SHERRY: the internet is really, really, really big. This is a really fun question. I’m so glad you asked me. I did some searching before we met. Um, so I know that there are 4.6 billion people on the internet. So that’s almost two-thirds of the people in the world. I said that the Internet is a network of networks. So every network, Comcast and Verizon are networks, universities are networks, companies are networks. There are about 70,000 networks on the network on the internet. Another way to think of how big it is, is to think of like how long the cables are. So in order to connect all of those networks to the other networks, you have to run really big cables, like in between countries and in between cities, or like from your house, to the city center, and from the city center to other cities. And the longest cable in the world for the Internet is 24,000 miles long. And it goes all the way from Europe, to Japan and Australia. And the Internet even goes into space. So astronauts on the International Space Station can use the Internet to email their friends and even watch Netflix. And maybe someday when people are living on Mars, the Internet will go that far too.
MAGGIE: WOW! The Internet is huge!
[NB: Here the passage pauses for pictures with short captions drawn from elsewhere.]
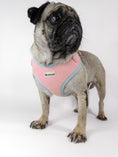 Bild in Galerie-Betrachter laden, Premium dog harness in pink. Luxury dog accessories.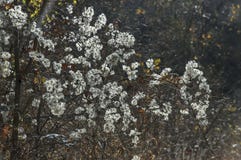 Закройте вверх семени vitalba Clematis, утехи путешественников, бороды одичалого ` s Clematis или старика растя в балканской горе Стоковая Фотография Закройте вверх семени vitalba Clematis, утехи путешественников, бороды одичалого ` s Clematis или старика растя в балканской горе Стоковая Фотография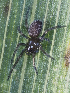  ( - BIOUG38899-D10)  @11 [ ] CC-0 (2020) Unspecified Unspecified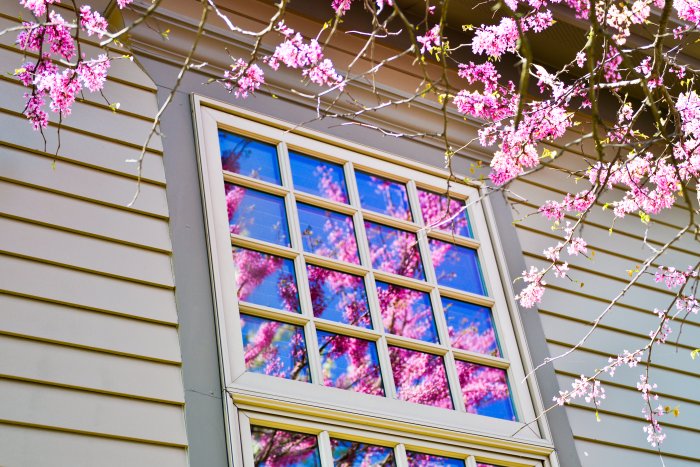 windows with flowers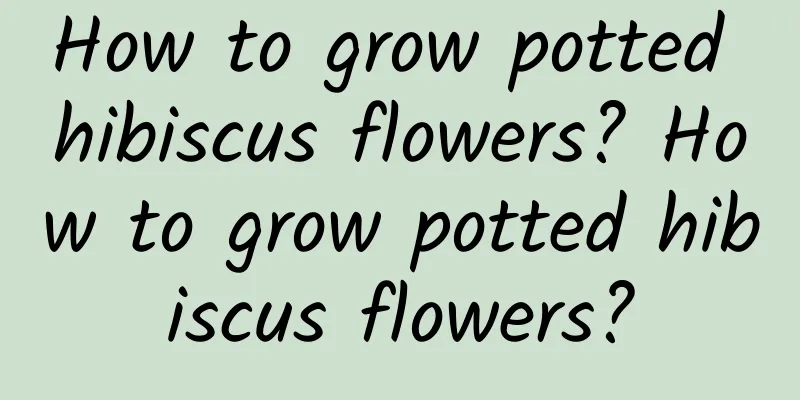 How to grow potted hibiscus flowers? How to grow potted hibiscus flowers?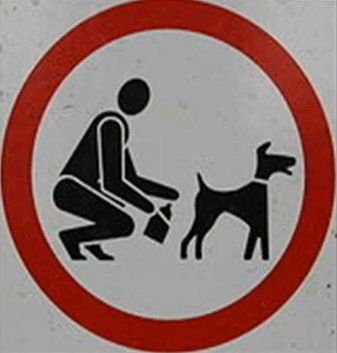 cacca-cane.jpg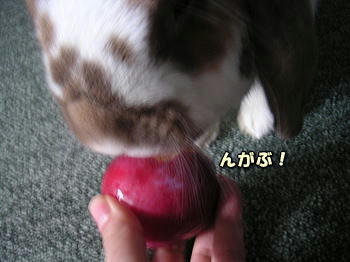 080809_2.jpg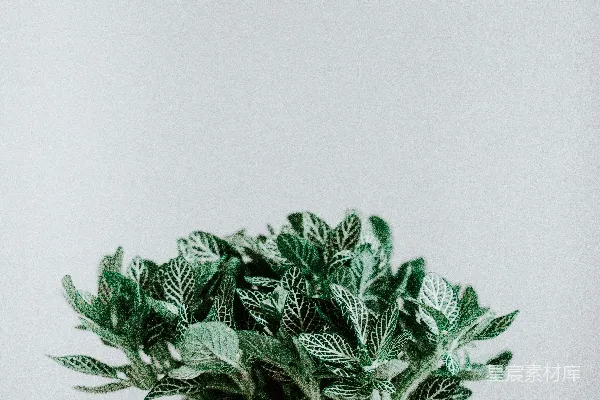 高清摄影 绿色植物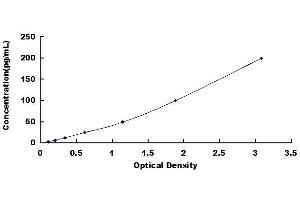 Typical standard curve (IL12 ELISA 试剂盒)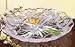 Kitchen & Housewares : 14" Diameter Fleur De Lis Glass Serving Sectional Platter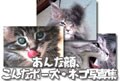 『ネコ写真大集合』★ファイル1～60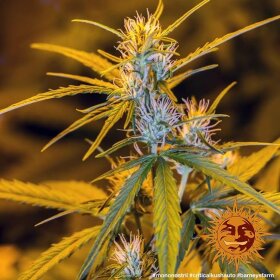 Barneys Farm Criticel Kush AUTO - 3 automatisierte Samen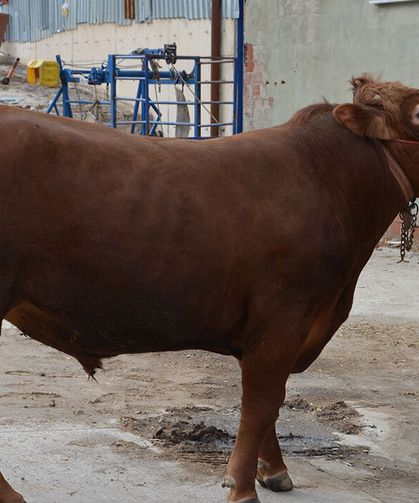 Bir Ton 140 Kilogramlık Kurbanlık Dana 575 Bin Liraya Alıcı Buldu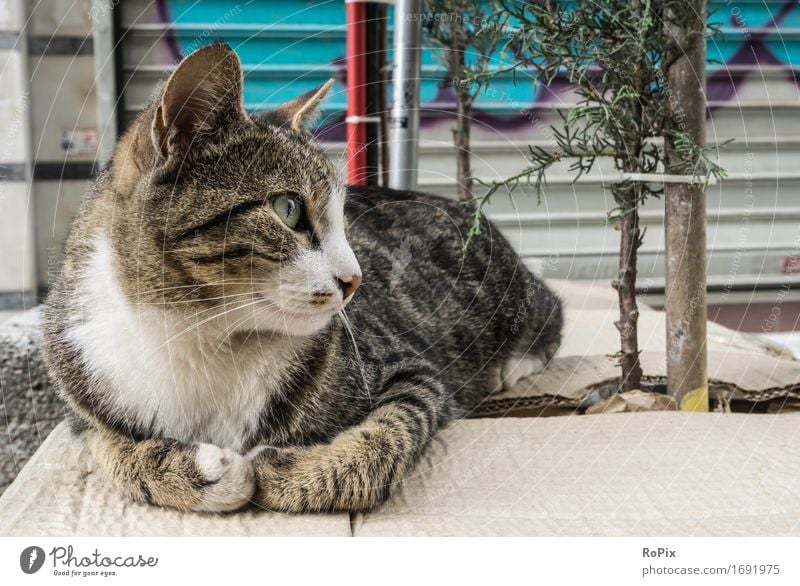 Istanbul streetcat Freiheit Sightseeing Städtereise Maler Subkultur Umwelt Natur Türkei Asien Altstadt Haus Fassade Haustier Katze Tiergesicht 1 Stein Beton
And it’s so cool that such a big network allows me to be able to find out so many cool things, and talk to people far away. I would love to talk to someone on the International Space Station—if you’re listening, ISS astronauts, maybe we could do an episode of Big If True using the Internet to talk to you about the ISS!
ABBY: That would be spectacular. I would love that. Since the Internet is so big, one of the key inventions that has made it more usable is the search engine, so you can find websites without knowing where they are in advance—in other words, you don’t have to know their address. Did you know that one particular search engine is used so much that people have started using its company name as a synonym for the idea of searching the Internet? Do you know which company I’m talking about?
MAGGIE: Is it Google?
MAGGIE: Why is Google so everywhere?
SHERRY: There used to be a lot of search engines, you know, like when you go and search on google.com. And so like, I remember using a search engine called Lycos, there was another one called Alta Vista. But somehow Google became the best one. And everybody just started using Google all the time.
MAGGIE: Hey, there’s the answer to our quiz question: the one in our list that ISN’T a search engine is Little River.
ABBY: But you don’t HAVE to use Google to find out things if you already know where they are. Every website on the Internet has its own address, which we write in a particular way just like we write street addresses. And if you get the address wrong, you end up in the wrong place, just like if you write to 1600 Pennsylvania Street instead of 1600 Pennsylvania Avenue, your letter won’t go to the White House. On the Internet, that address has a special name: a URL. You can impress your friends by telling them that URL stands for Uniform Resource Locator.
MAGGIE: What do the different parts of a URL mean?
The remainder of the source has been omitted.